We may initially presume this process of becoming is an arduous task, one where we labor to plant seeds or struggle to continuously build, shape and form ourselves into the structure God wants us to be. There is some Scriptural basis for this perspective.
For we are God’s fellow workers; you are God’s field, God’s building.
– 1 Corinthians 3:9
Consider how much mental and physical effort and energy we put into trying to make ourselves into someone we may want to be, or that we have convinced ourselves we should or could be. Many of us spend years striving to build ourselves into the image we have created for ourselves, the one we believe will fulfill our expectations for a happy and successful life.
At some point, hopefully, we come to an awareness of our spiritual nature and the role it plays in this image. And it is true that in the beginning of our spiritual life, we may need to undertake a significant effort to build a life of prayer, perform acts of charity and plant the seeds of virtue.
However, as we continue to grow in the spiritual life, we will come to recognize that our own efforts will always be inadequate to the task of transforming ourselves.
Note the Scripture verse above says we are God’s field, His building, not our own. Eventually we learn to release ourselves from a burden we can never carry, the burden of trying to make ourselves into the image of who we think God wants us to be, or worse, who we want to be in Him. Instead, we begin to allow the Holy Spirit to teach us that He is the agent of our transformation.
But the Counselor, the Holy Spirit, whom the Father will send in my name, he will teach you all things, and bring to your remembrance all that I have said to you.
– John 14:26
This period of transition, which usually occurs only after many hours and years in prayer, is a time of great peace. It is here we free ourselves from having to identify, define and make ourselves. And instead, we simply allow God to do this work in us – a work far greater than we could ever achieve or even imagine.
Now to him who by the power at work within us is able to do far more abundantly than all that we ask or think…
– Ephesians 3:20
This is less a period of building up and more a process of removing the elements of our life that must be refashioned or altogether removed, as they were never really part of the core of God’s image for us.
This reconstruction is not simply about our occupation or even our vocation, though both of these are part of God’s plan for us. But this work is about who we are in the deepest part of our soul. This period can lead to great interior freedom if we realize that we are already and always have been the person God wants us to be, we became so at our Baptism.
However, through life’s travels and trials, and despite our best efforts at times, we began to layer over and distort that image. We have experienced, in some cases through no fault of our own, a buildup of unwanted elements. These are the unfortunate and unwanted effects of the harsh weather we have all endured in life.
These are not necessarily sins or the consequence of bad things in our lives. Rather, they are the desires, expectations, ambitions and images we may have had for our life, that at some point we realize are no longer needed on the path where God is placing us. So, we unburden ourselves.

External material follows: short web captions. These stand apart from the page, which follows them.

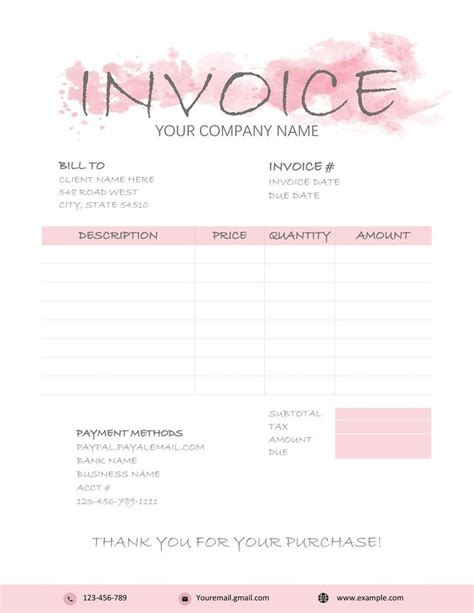 Invoice Template Word Printable Invoice Custom Order Forms Etsy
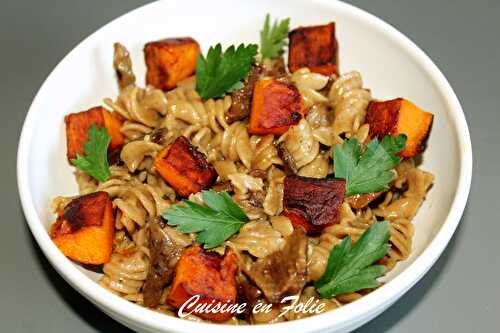 One pan pasta champignons-potimarron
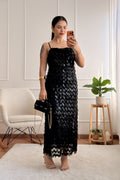 Vestido comprido em tule com franjas e lantejoulas LUMINA - lavishiochicvestidolumina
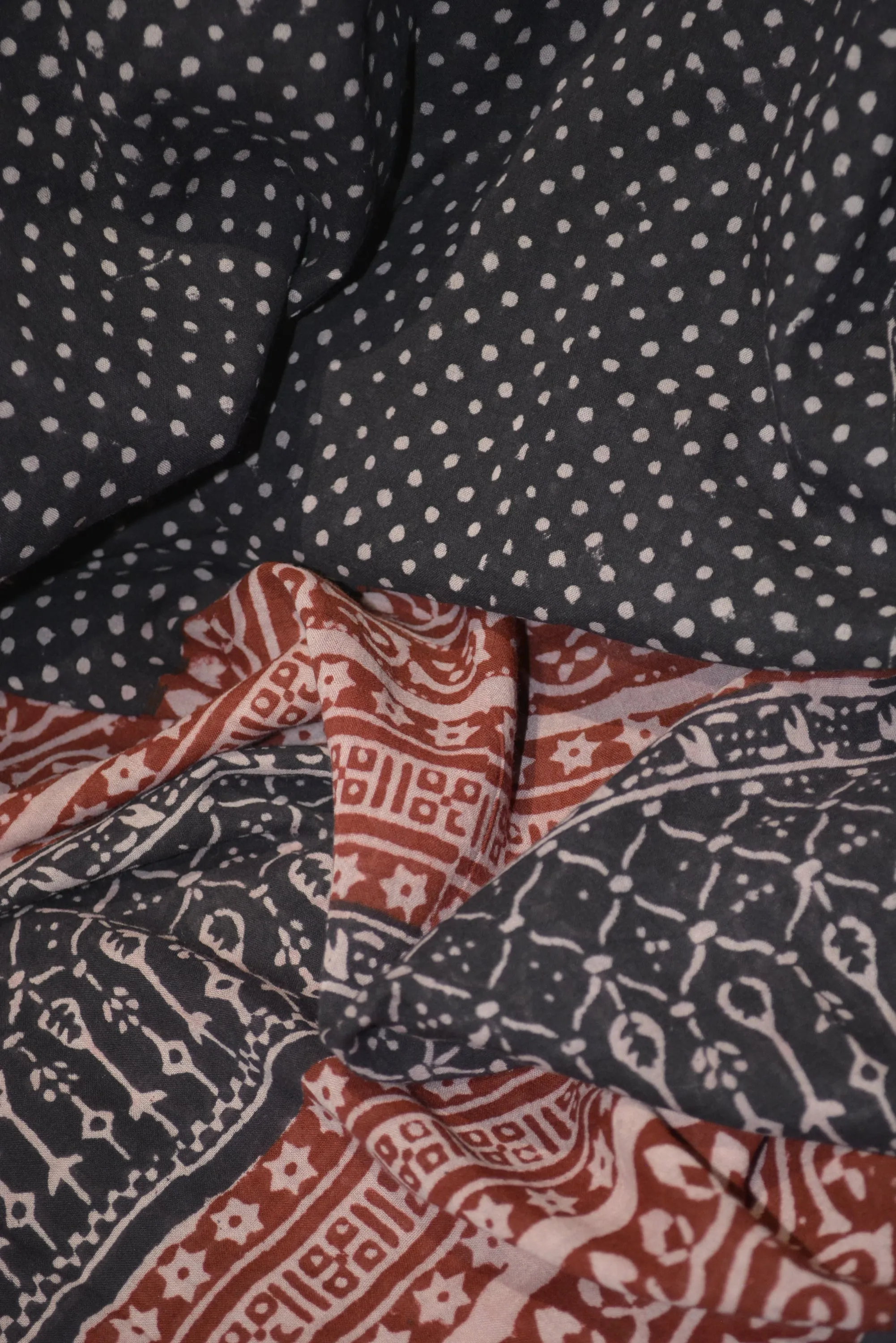 Red and Black Paisely Design Hand Block Printed Naturally Dyed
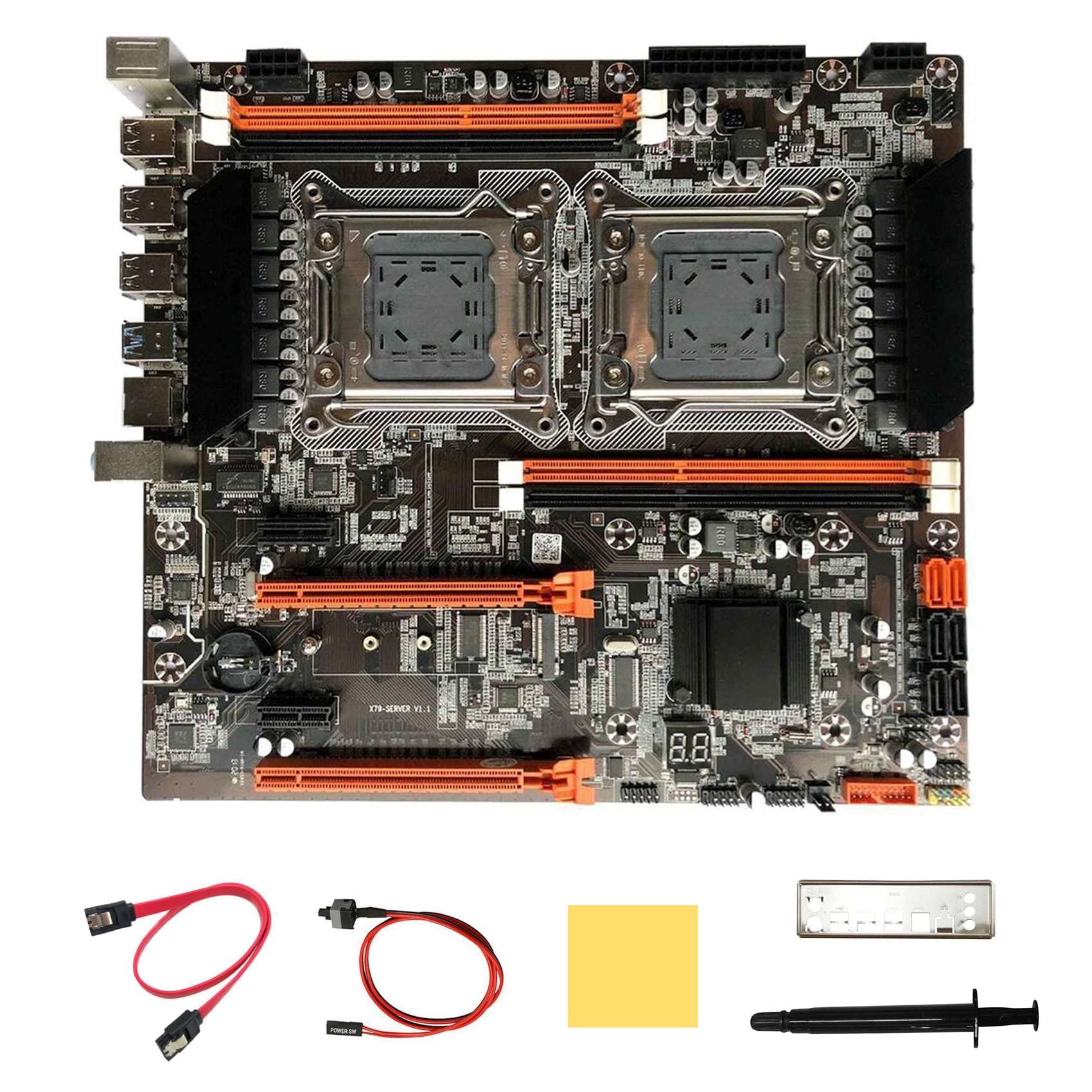 DEARBORN X79 Dual CPU Motherboard with SATA Cable, Switch Cable, Baffle, Thermal Grease & Thermal Pad - High Performance Server Workstation Motherboard for Gaming, Video Editing & Data Processing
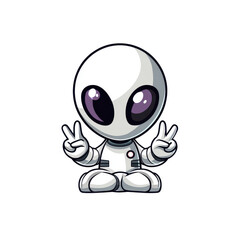Cute cartoon alien in astronaut suit giving peace sign seated meditation pose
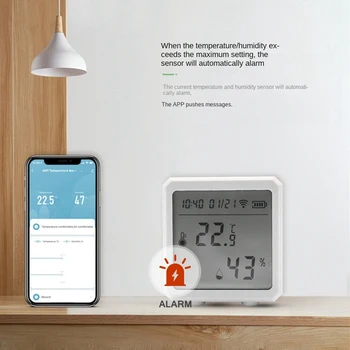 Sasha WIFI Сензор за Температура И Влажност на въздуха LCD дисплей Вътрешен Влагомер Детектор Сензор Smart Life App Подкрепа Алекса Google Home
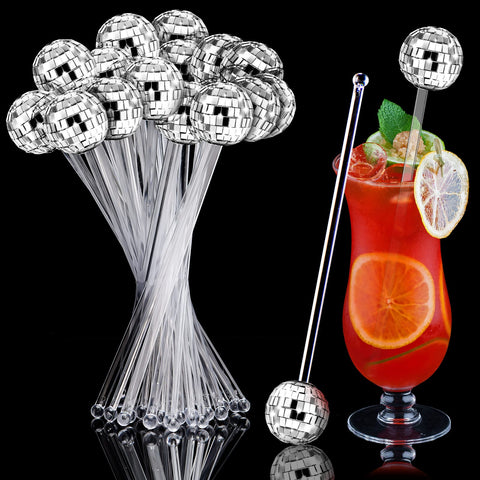 Sawysine disco ball stirrers—8-inch, transparent finish, ideal for cocktails.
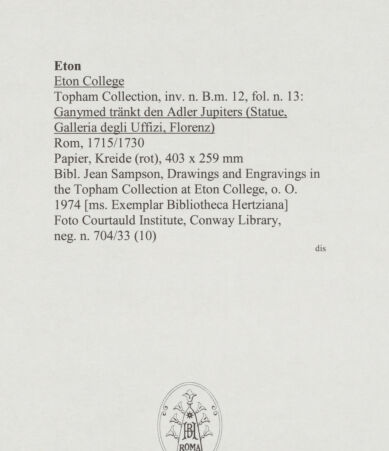 Rückseite von Courtauld Institute, Conway Library [https://www.deutsche-digitale-bibliothek.de/content/lizenzen/rv-ez/] Ganymed tränkt den Adler Jupiters (Statue, Uffizien, Florenz) - , bh567734_recto. Foto.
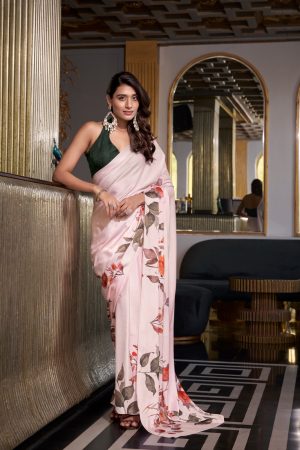 Fashionable Satin Silk With Digital Printed Saree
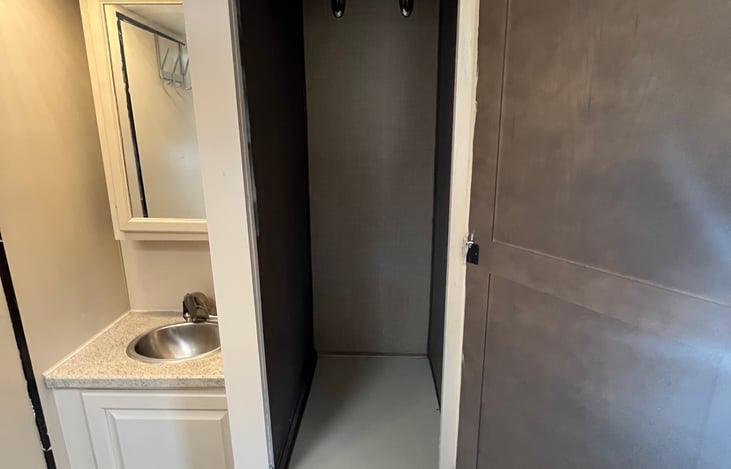 Closet for storage and bathroom sink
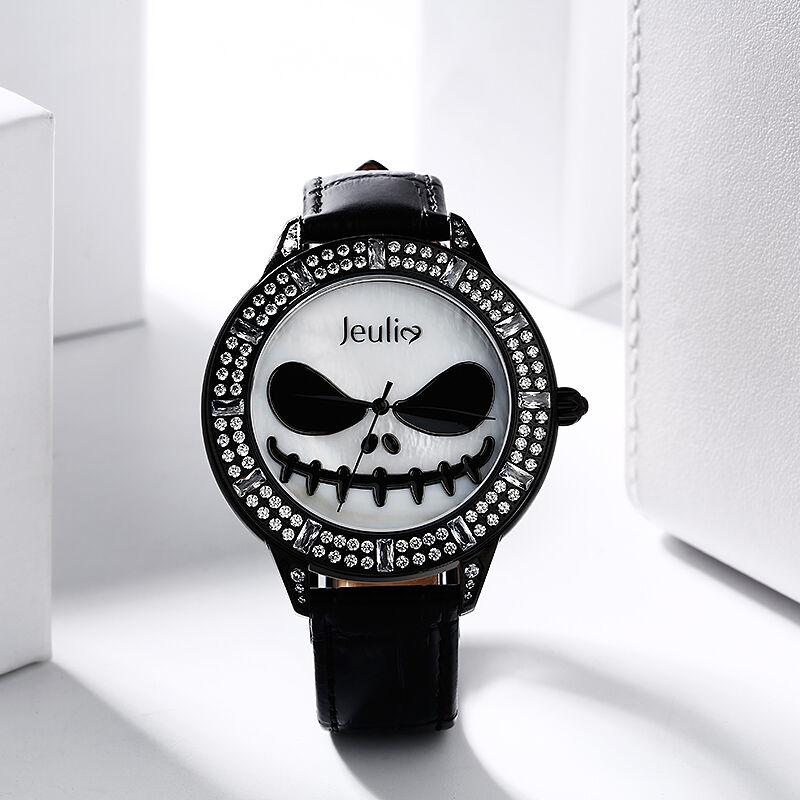 Jeulia "Master of Fright" Skull Design Quartz Black Leather Watch with Mother-of-Pearl Dial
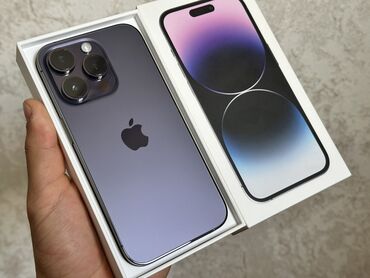 Apple iPhone: IPhone 14 Pro, Б/у, 256 ГБ, Deep Purple, Зарядное устройство, Защитное стекло, Чехол, 83 %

We begin to become increasingly clear about who we really are, we accept our limitations and seek to exercise our truest gifts. This is experienced as becoming extremely comfortable in our own skin, both knowing and accepting who we really are in Christ.
At this stage of our spiritual journey, God, the true artist of our life, acts less like a painter working to add color and images to a blank canvass, and more like a sculptor gently removing the layers covering the perfect image hidden within the wood, the rock or the ivory. The process can be uncomfortable for our soul initially, but grace, acquired through prayer, will allow us to accept the artist’s hammer and chisel.
The primary manifestations of this process are that our lives become simpler, more focused on the essential and the eternal. We will no doubt abandon many of the activities we once thought to be important to our happiness, and we will conform the remaining ones to their proper end.
Trust in the Lord with all your heart,
and do not rely on your own insight.
In all your ways acknowledge him,
and he will make straight your paths.
– Proverbs 3:5-6
The best way to think of this artistic endeavor of God is that He is fashioning us into the gift He always intended us to be. It is only in Becoming this gift that we will experience fulfillment in this life and the next. We are each individual gifts of God to the world, and, with God’s help, we will be so for all eternity.